The faceplate 13 is secured in position on the casing 10 by a positioning
tongue 14 at one end of the faceplate 13 engageable in a slot, and screws
15 engageable at the other end of the faceplate 13 in complementary screw
holes in the casing 10.
Three conduit entry ports 20 to 22 are provided for passage of a conduited
electrical cable (not shown) into the contact compartment 11 for
securement to the contact arrangement. Conduit entry ports 20 and 21 are
disposed one at each side of the casing 10 while the conduit entry port 22
is disposed at what for convenience will be called hereinafter the top of
the casing 10. Each entry port 20 to 22 is normally closed by a plug, a
selected one of which is removed to provide an entry into the safety
switch casing 10 for the conduited electrical cable.
The contact arrangement comprises one set of double positive break,
normally-open safety contacts 23, 24 and one set of double positive break,
normally-closed auxiliary contacts 25, 26. The contacts 23 and 26 are
fixed in position and are provided with wire conductor clamps 27 and 28
provided with locking screws 29 and 30. The sets of contacts 23, 24 and
25, 26 are axially-spaced relative to a hollow central rod 31 and the
pairs of contacts 23, 24 and 25, 26 of each set are transversely spaced to
opposite sides of the rod 31. Thus, at each side of the rod 31 is a pair
of contacts 23, 24 and a pair of contacts 25, 26.

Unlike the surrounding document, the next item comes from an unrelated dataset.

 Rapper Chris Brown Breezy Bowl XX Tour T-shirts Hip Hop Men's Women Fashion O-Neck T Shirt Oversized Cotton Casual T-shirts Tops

The rod 31 is axially slotted at two diametrically opposed locations 32
between the fixed contacts 23 and 26. The contact pairs 24 and 25 are
mounted on bridges which extend through the slots 32. The contacts 24, 24
are connected by a bridge 33 and the contacts 25, 25 are similarly
connected by a bridge 34 and a spring acts on the bridges 33, 34 to ensure
electrical contact between contacts 23 and 24 or contacts 25 and 26
depending upon the operational mode of the safety switch.

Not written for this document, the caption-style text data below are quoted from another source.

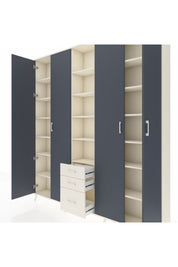 Arges Dolap 17 Raflı 3 Çekmeceli 4 Kapaklı 220x30x243 Aytaşı-Antrasit/Aytaşı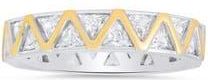 Queen Jewels Two-Tone Cubic Zirconia Zigzag Eternity Band Ring in Silver/Gold at Nordstrom Rack, Size 10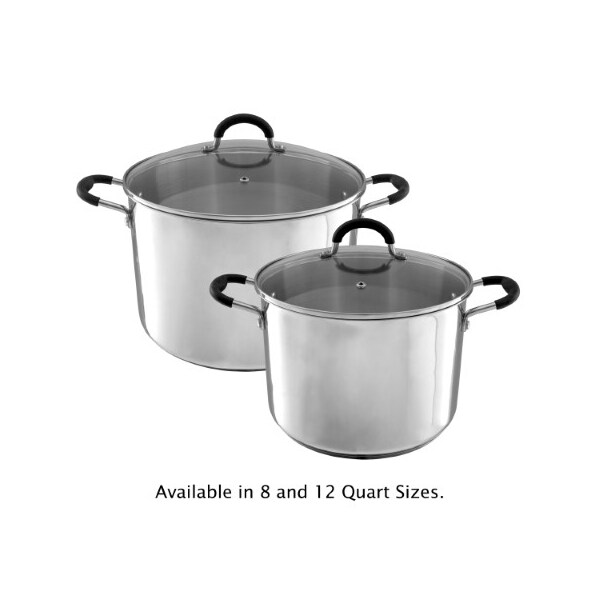 Hastings Home Large Stainless Steel Stock Pot with Lid, Compatible with Electric, Gas Cooktops, 12-Quart Capacity - 468453KTD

A compression spring 36 surrounds a spring retainer sleeve 37 and acts
between a fixed horizontal wall 38 of the casing 10 and a boss or plate 39
integral with the bottom of the rod 31 to urge the latter downwards and
the contacts 23, 24 and 25, 26 into their normal open and closed
positions. The integral boss or plate 39 is provided with an integral
T-shaped formation 40, the stem 41 of the latter pointing to the bottom of
the safety switch and the cam assembly mounted thereon.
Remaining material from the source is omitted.